Outra interpretação seria manifestamente atentatória do princípio da segurança jurídica, na sua vertente material da confiança, pois no momento em que o recorrente se determinou a contestar o pedido de indemnização civil – em que se impetra o pagamento da quantia de 1.400.813,78 euros – não poderia prever o custo que teria que suportar a final sendo absolvido – in casu, no montante de 15.708,00 euros - por força da alteração súbita e imprevisível no modelo jurídico que disciplinava as consequências em matéria de tributação desse seu concreto acto processual, passando a consagrar-se o pagamento “independentemente de condenação a final” (conforme a nova redacção do nº 2, do artigo 15º) da taxa de justiça de que estava dispensado.

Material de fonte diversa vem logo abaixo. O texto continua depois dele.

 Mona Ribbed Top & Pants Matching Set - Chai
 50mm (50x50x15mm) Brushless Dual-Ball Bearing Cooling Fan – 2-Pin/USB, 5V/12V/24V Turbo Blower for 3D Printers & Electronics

Nestes termos, não tinha o recorrente de ser notificado para o pagamento a final da quantia relativa à taxa de justiça de que previamente se encontrava dispensado, por não ser ela devida.»
Salvaguardado o respeito pela posição contrária que o S.T.A. tem sustentado, não vemos razões para alterar o entendimento explanado no citado acórdão de 1 de Outubro de 2013, que subscrevemos, com as necessárias adaptações ao caso em apreço (estamos agora perante um demandante civil e não um demandado).
Do que se conclui que, embora não se convindo na alegada isenção de custas do recorrente, ainda assim deve o mesmo ser exonerado do pagamento que lhe foi exigido.
III – Dispositivo
Nos termos e fundamentos expostos, acordam os Juízes da (5.ª) Secção Criminal desta Relação em conceder parcial provimento ao recurso interposto pelo Instituto da Segurança Social, IP, revogando-se o despacho recorrido, que deverá ser substituído por outro a determinar que fique sem efeito a notificação do recorrente nos termos e efeitos do artigo 15.º, n.º2, do Regulamento das Custas Processuais, por não ser devido o pagamento da taxa de justiça que lhe foi exigida nessa notificação.
Custas do recurso, pelo decaimento parcial, a cargo do recorrente, fixando-se a taxa de justiça em 3 UC.
Lisboa, 17 de Dezembro de 2013
(o presente acórdão, integrado por vinte e oito páginas com os versos em branco, foi elaborado e integralmente revisto pelo relator, seu primeiro signatário – artigo 94.º, n.º2, do C.P.P.)